§ **Task to complete**:
An exact reproduction of the listing is wanted, with the pictures dropped.

§ **Collected data**:
■ ■ ■

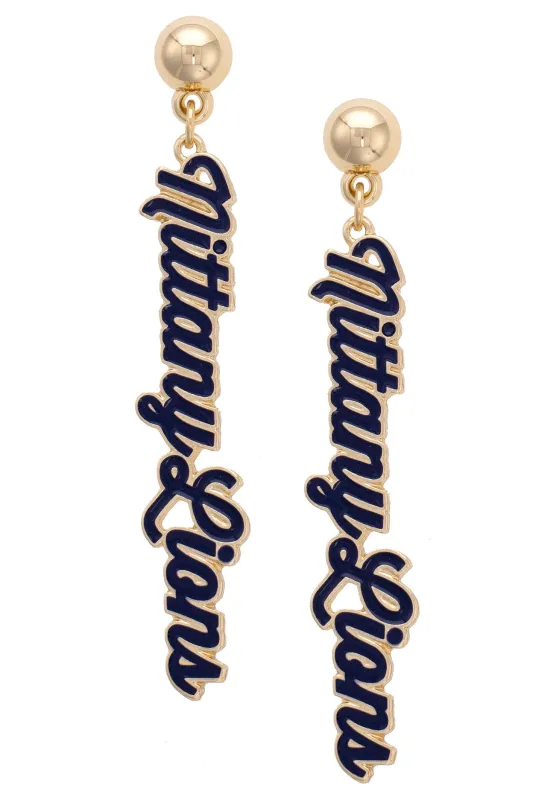 Penn State Nittany Lions Enamel Script Earring in Shiny Gold made by Canvas Style
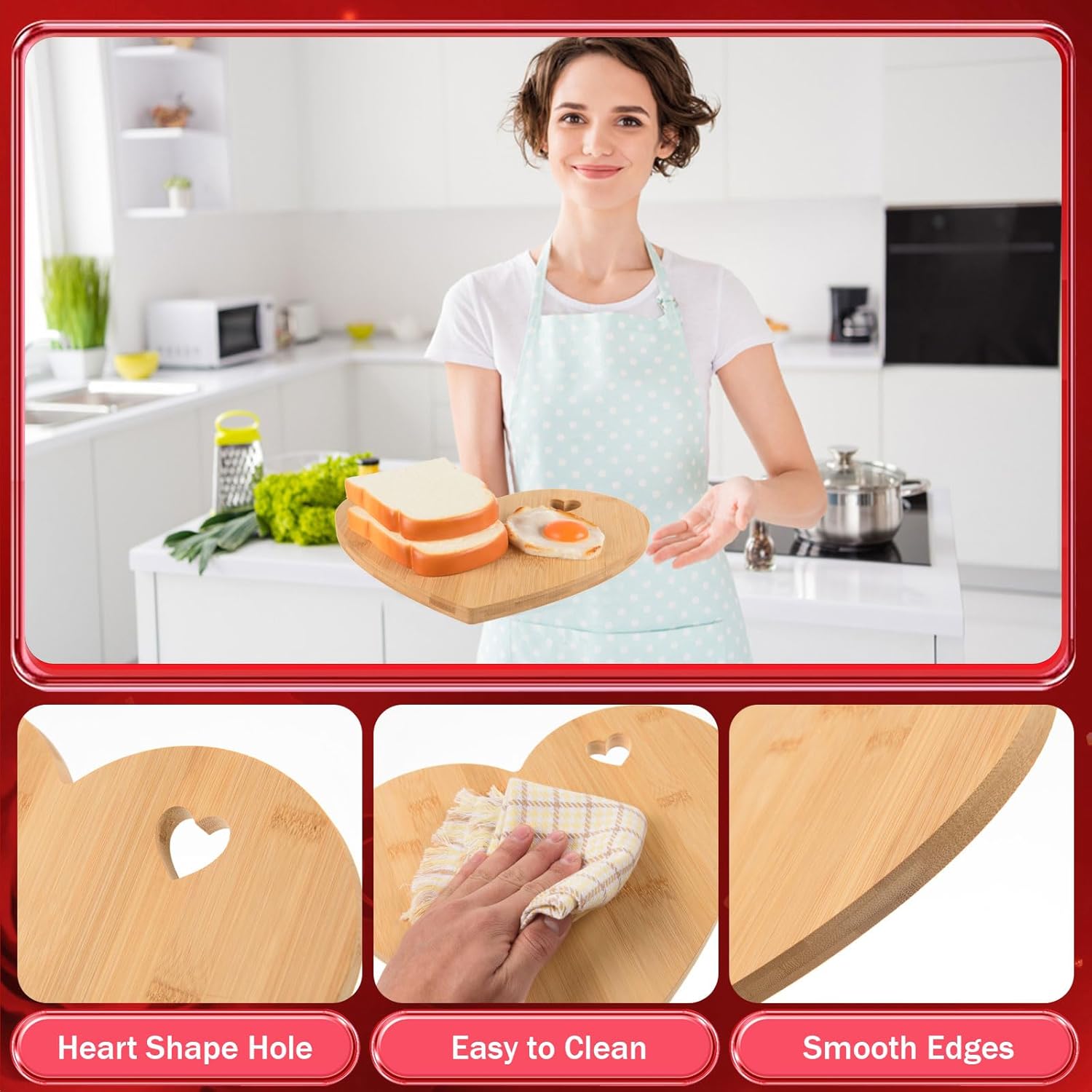 AWIZOM 2 Pack Heart Shaped Bamboo Cutting Board Valentine's Day Wooden Charcuterie Board with Hole Bread Cheese Serving Tray Platter Kitchen Chopping Board for Housewarming Present,12.01x9.45x0.59"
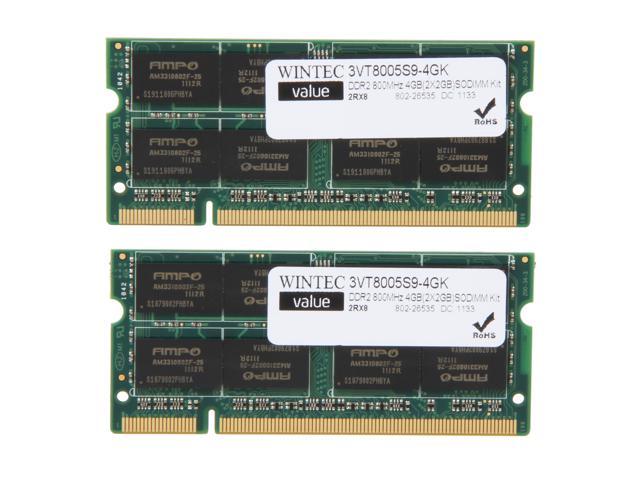 Wintec Value 4GB (2 x 2GB) 200-Pin DDR2 SO-DIMM DDR2 800 (PC2 6400) Laptop Memory Model 3VT8005S9-4GK
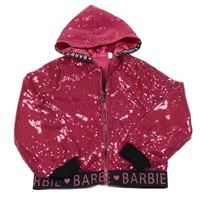 Malinovo-černá tylová flitrová propínací podšitá crop mikina s logy a kapucí Barbie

■ ■ ■

§ **The completed task**:
 Penn State Nittany Lions Enamel Script Earring in Shiny Gold made by Canvas Style
 AWIZOM 2 Pack Heart Shaped Bamboo Cutting Board Valentine's Day Wooden Charcuterie Board with Hole Bread Cheese Serving Tray Platter Kitchen Chopping Board for Housewarming Present,12.01x9.45x0.59"
 Wintec Value 4GB (2 x 2GB) 200-Pin DDR2 SO-DIMM DDR2 800 (PC2 6400) Laptop Memory Model 3VT8005S9-4GK
 Malinovo-černá tylová flitrová propínací podšitá crop mikina s logy a kapucí Barbie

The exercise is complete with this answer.